Ia menyebut langkah tersebut sebagai bagian dari permainan politik elit yang menciptakan ‘tirani minoritas’ dan ‘dictator mayoritas’.
“Tindakan dari KIM Plus saya kira sebagai tindakan yang tidak lazim dalam demokrasi. Buat saya itu adalah bagian dari permainan elit politik atau yang saya sebut sebagai tirani minoritas,” ujarnya.
Ia juga menyinggung putusan MK terkait batas usia calon kepala daerah yang menurutnya dianulir oleh Badan Legislasi DPR.
“Kebetulan Kaesang belum masuk usia 30 tahun saat pendaftaran terakhir pada 29 Agustus nanti. Otomatis tidak memiliki hak untuk maju sebagai calon. Akan tetapi pada sore ini, DPR nampaknya menganulir keputusan dari MK tersebut,” paparnya.

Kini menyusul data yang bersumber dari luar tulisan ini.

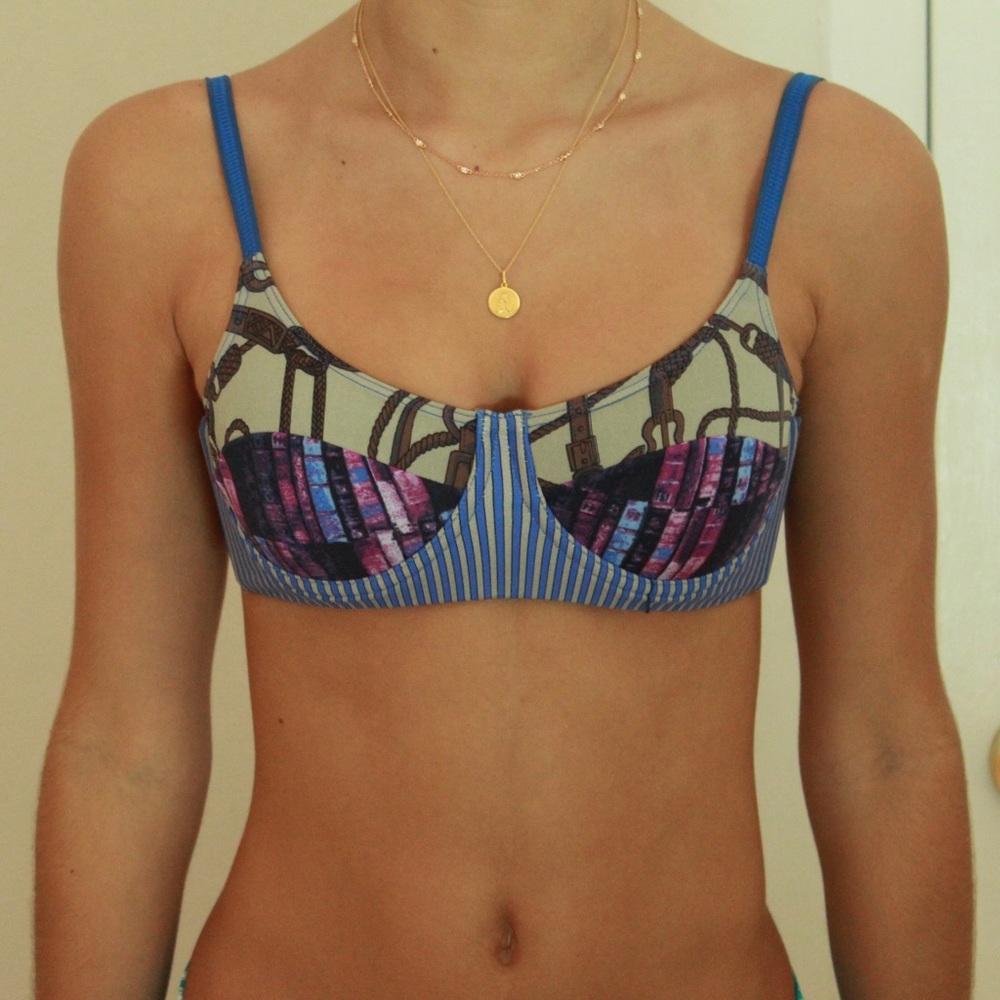 Maaji Underwire XS top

Sementara itu, Ujang Komarudin menyoroti skema KIM Plus yang dianggap sebagai upaya untuk mengeliminasi Anies Baswedan dari persaingan.
Menurut Ujang, skema ini mungkin merupakan bagian dari strategi Ridwan Kamil untuk maju tanpa ada persaingan dari Anies.
“Bukan tanpa alasan, skema KIM Plus itu dibuat memang untuk mengeliminasi Anies. Karena permintaan dari Ridwan Kamil,” kata Ujang.
Lebih lanjut, Ujang menekankan bahwa keputusan DPR yang mengubah putusan MK terkait syarat batas usia calon kepala daerah serta syarat pengajuan calon adalah tindakan yang bisa berakibat fatal.
“MK telah memutuskan di tahun 2018 dalam sebuah keputusannya yang mengatakan bahwa ketika ada produk hukum lain yang bertentangan dengan MK maka disebut inkonstitusional,” jelasnya.
“Jadi ketika DPR memutuskan di luar keputusan MK, tidak ikut keputusan MK, mohon maaf, Pilkada-nya bisa tidak sah,” tandasnya.